Blog — Tags: , , , , , , — Alexander Nossum (alexanno) | 14 February, 2010 @ 1:46 pm

In 2007 (that is 3 years ago!) Blaise Aguera y Arcas, along with Microsoft, astonished us by presenting the Seadragon and Photosynth technology. It was, and still is very very impressing and embedded below.

On this years TED conference he was at it again – and – astonishing everyone again with an augmented reality “intelligent” map application. It is amazing what his team manage to develop!

The obvious competitor is Google Maps which probably has a better grip at the market. However, Google does not compete at all with the technology presented at TED – although they do have more users – and maybe an easier solution fitting more users?

Anyway – watch the talks if you haven’t yet.

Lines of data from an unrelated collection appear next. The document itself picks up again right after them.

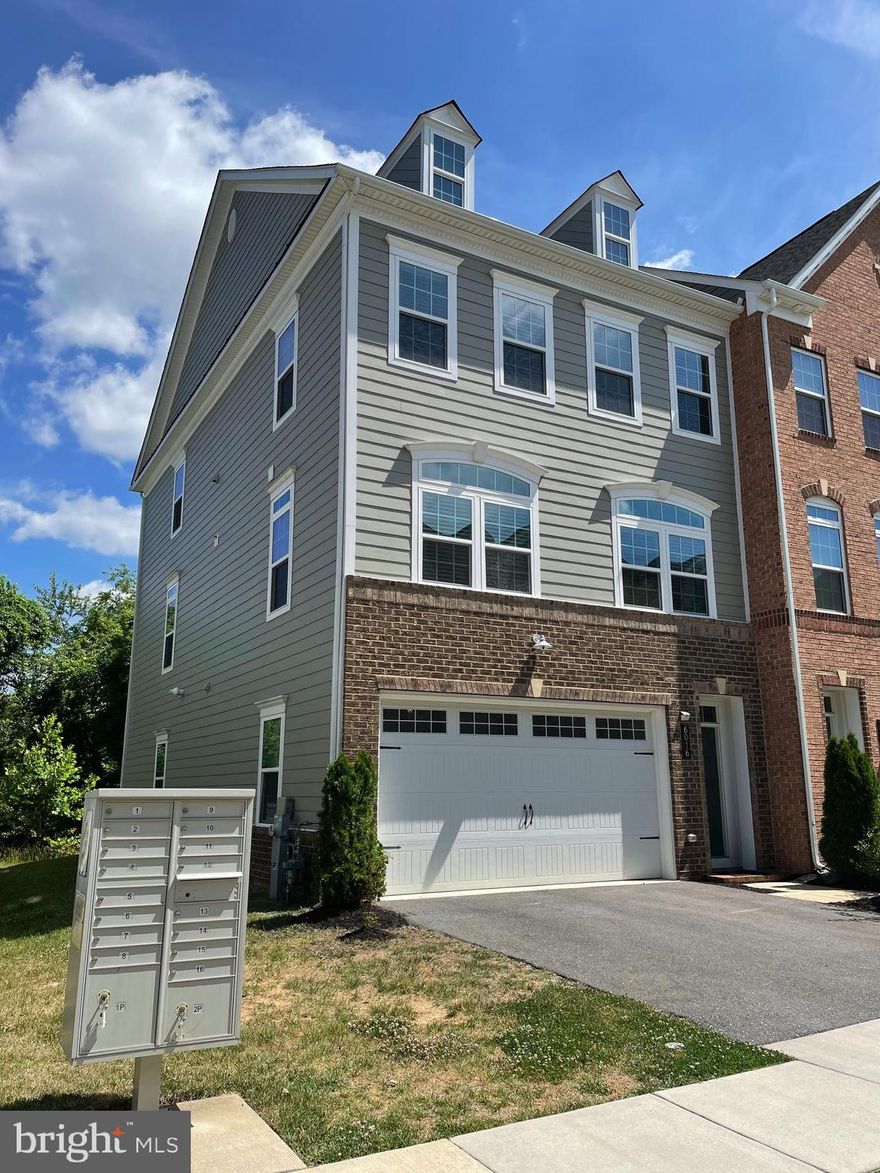 Gorgeous, end unit luxury townhome with 2 car garage and high-end finishes throughout, in amenity rich, Shipley's Grant! Travel inside to find a fantastic open layout with ample amounts of natural light, high ceilings, recessed lighting, gorgeous floors and so much more! Home features over 3090 Sqft of living space!! Bright living room with gleaming engineered hardwoods is open to kitchen and dining room. Living room offers access to maintenance free deck-perfect for relaxing or grilling!! Stunning gourmet kitchen boast white cabinetry, granite countertops, glass-tile backsplash, breakfast island, upgraded stainless steel appliances and spacious walk-in pantry. Separate dining room with sitting area provides plenty of space to host large dinner parties! Upper level offers spacious bedrooms with large closets & windows along with an stylish bath and laundry room. Luxurious master suite boasts a gigantic walk-in closet and a beautifully styled master bath with dual vanities, tile floor, and a huge tiled shower with double benches & dual roman shower heads. Lower level showcases a spacious family room with full bath that could be used for a guest suite, office, or more! Lower level provides access to a generous, flat yard and access to the 2-car garage. Additional driveway parking and plenty of unassigned parking overflow. Community offers miles of walking and biking trails, 2 pools, clubhouse with patio and outdoor fireplace, tot lot and so much more! Starbucks, great restaurants and retail are just a quick walk down the street. Less than 15 min from BWI Airport. Close to Rt. 29, 175, 100 and 95. Do not miss this amazing opportunity!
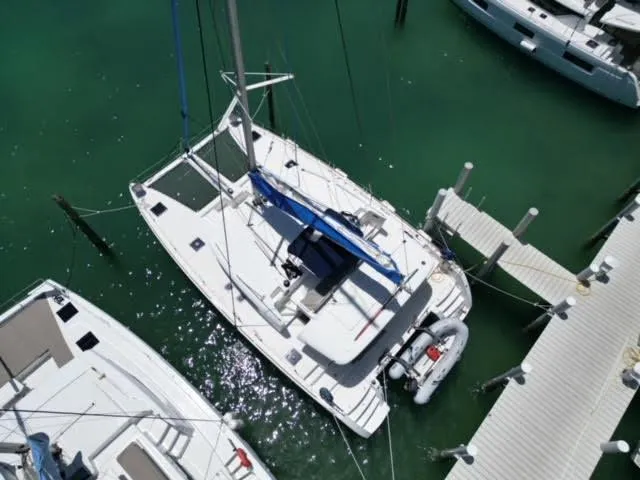 Kajsa Yacht Photos Pics Aerial view of a 2017 Lagoon 450 F catamaran docked in a marina.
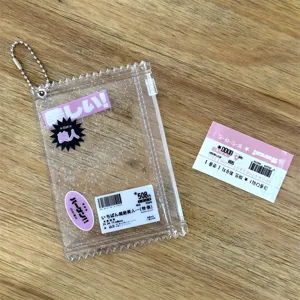 Close-up detail shot of transparent glitter candy zipper card holder pouch with metal chain.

The norwegian mapping authority to provide free map services

Blog,English — Tags: , , , , — Alexander Nossum (alexanno) | 12 November, 2009 @ 9:20 am

The norwegian mapping authority announced today they are (finally) going to provide free map services! This has been long awaiting in the mapping community. Release of the services will be December 1. 2009 – however they provide some information on what to expect:

There will be two main services, one full WMS service and one cached version of, probably, the most popular WMS-requests. Limits are 300 requests pr. user pr. 24 hour for the WMS and 10000 request pr. user pr. 24 hour for the cached version. It is not explicitly defined whether this constraint will reside on the client side or for the system – however I reckon they will put the constraint on the system and not the client – and probably increase the WMS constraint a bit, or provide cheap “WMS request plans”. [update] According to @paalkr the constraint is on client side.

The data released covers most of the general applicable data in full detail!

In sum this is great! Finally the mapping authority is part of the modernized mapping game!

More on this (Norwegian mostly)

Putting Norway on the map – the public domain way

Blog,English,PhD — Tags: , , , — Alexander Nossum (alexanno) | 26 October, 2009 @ 8:29 pm

Norway

Map data is an essential part of my work. Often I find myself looking for raw map data, for instance of the counties of Norway in vector format, typically shape/kml or any other geo-data format. The Norwegian Mapping Authority has of course a lot of high-quality data available, additionally several (or all) governmental institutions in Norway can join a “community” of data creators and share the data among themselves. NTNU, the university I’m at, are fortunate enough to be part of this consortium although we do not contribute to the data.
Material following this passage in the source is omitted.